The Greek system of hospitality, gift-giving, and guest-friendship was not supposed to be an open invitation to freeloaders, however. In actuality, it was a system of exchange. In his Works and Days, Hesiod explains how the system should work:

Return a friend's friendship and a visitor's visit.
Give gifts to the giver, give none to the non-giver.
The giver gets gifts, the non-giver gets naught.
And Give's a good girl, but Gimme's a goblin.
The man who gives willingly, even if it costs him,
Takes joy in his giving and is glad in his heart.
But let a man turn greedy and grab for himself
Even something small, it'll freeze his heart stiff. (34; lines 399-406)
When several extended households in the same neighborhood united together under the leadership of a king, the resulting society was called a polis--the Greek word for "city-state." Some Greek poleis later developed into democracies ruled by the voters--male citizens with property. (For some background, see Murnaghan's introduction, pp. lii-liv.) The polis is under the protection of its best warriors, who win glory and honor by killing the warriors from other poleis, destroying their cities, carrying off booty, and enslaving women. (Later, the many poleis developed armies made up of citizen-soldiers called hoplites.) The warlike pursuit of honor and glory might seem to contradict the civilized institution of guest-friendship (hospitality), and at its extremes, it does.
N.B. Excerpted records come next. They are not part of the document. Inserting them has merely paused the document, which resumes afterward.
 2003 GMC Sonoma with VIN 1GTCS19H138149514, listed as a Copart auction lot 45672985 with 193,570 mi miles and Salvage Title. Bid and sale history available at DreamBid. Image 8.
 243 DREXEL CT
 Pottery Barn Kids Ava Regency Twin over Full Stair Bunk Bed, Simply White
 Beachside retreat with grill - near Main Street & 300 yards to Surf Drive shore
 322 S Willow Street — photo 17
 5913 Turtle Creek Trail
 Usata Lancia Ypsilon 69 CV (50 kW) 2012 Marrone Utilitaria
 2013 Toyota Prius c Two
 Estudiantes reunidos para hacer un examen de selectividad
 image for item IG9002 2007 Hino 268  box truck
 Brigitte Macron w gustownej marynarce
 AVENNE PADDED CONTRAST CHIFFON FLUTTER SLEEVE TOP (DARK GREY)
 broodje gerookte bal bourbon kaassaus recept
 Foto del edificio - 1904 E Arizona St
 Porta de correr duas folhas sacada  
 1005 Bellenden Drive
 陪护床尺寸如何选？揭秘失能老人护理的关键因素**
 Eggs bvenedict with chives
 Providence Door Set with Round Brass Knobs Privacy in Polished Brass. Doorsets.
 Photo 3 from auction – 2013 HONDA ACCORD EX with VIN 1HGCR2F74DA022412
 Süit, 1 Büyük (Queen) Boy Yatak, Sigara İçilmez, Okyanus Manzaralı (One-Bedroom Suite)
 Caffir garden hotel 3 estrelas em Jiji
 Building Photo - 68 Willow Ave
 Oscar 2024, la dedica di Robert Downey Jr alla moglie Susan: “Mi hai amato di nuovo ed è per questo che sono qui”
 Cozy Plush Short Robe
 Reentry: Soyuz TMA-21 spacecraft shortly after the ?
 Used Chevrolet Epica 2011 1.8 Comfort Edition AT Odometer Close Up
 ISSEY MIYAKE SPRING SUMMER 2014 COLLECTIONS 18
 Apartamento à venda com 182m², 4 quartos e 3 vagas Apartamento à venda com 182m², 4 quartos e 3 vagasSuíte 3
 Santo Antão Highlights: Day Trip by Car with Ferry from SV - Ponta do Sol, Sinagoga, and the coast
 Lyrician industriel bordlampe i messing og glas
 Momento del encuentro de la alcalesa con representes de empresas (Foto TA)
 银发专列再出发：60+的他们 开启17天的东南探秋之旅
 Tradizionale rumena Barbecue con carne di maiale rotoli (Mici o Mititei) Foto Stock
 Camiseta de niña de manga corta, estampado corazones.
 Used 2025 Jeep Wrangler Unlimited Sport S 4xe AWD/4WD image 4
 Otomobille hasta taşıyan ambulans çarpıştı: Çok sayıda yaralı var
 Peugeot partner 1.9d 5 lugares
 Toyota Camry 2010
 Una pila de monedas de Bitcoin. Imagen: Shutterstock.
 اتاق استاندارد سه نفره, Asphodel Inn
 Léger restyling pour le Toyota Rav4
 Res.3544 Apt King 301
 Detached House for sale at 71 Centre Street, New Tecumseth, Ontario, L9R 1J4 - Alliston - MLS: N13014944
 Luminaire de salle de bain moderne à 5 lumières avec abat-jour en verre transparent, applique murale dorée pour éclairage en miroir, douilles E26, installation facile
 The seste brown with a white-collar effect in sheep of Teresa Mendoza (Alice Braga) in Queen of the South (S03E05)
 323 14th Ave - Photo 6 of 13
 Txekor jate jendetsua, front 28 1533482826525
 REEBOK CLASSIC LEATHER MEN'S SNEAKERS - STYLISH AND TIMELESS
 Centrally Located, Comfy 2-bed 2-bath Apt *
Women, who cannot win glory by killing, sometimes point out the terrible human costs of this heroic system. (See Andromache in book 6 of the Iliad). Taken to its extreme, the heroic, manly pursuit of honor and glory leads to the destruction of civilized life--the obliteration of the polis of Troy. (In the Odyssey and the Theogony, however, the heroic exploits of Odysseus and Zeus are seen as necessary for re-establishing order to the polis and the universe respectively.) In class, we'll discuss what, if anything, we think Achilles has learned about the high price of honor by the end of the Iliad. We'll also try to figure out what Homer thinks about the contradictions between the glory (death and honor) and civilization (oikos and polis) that he presents so well in the Iliad.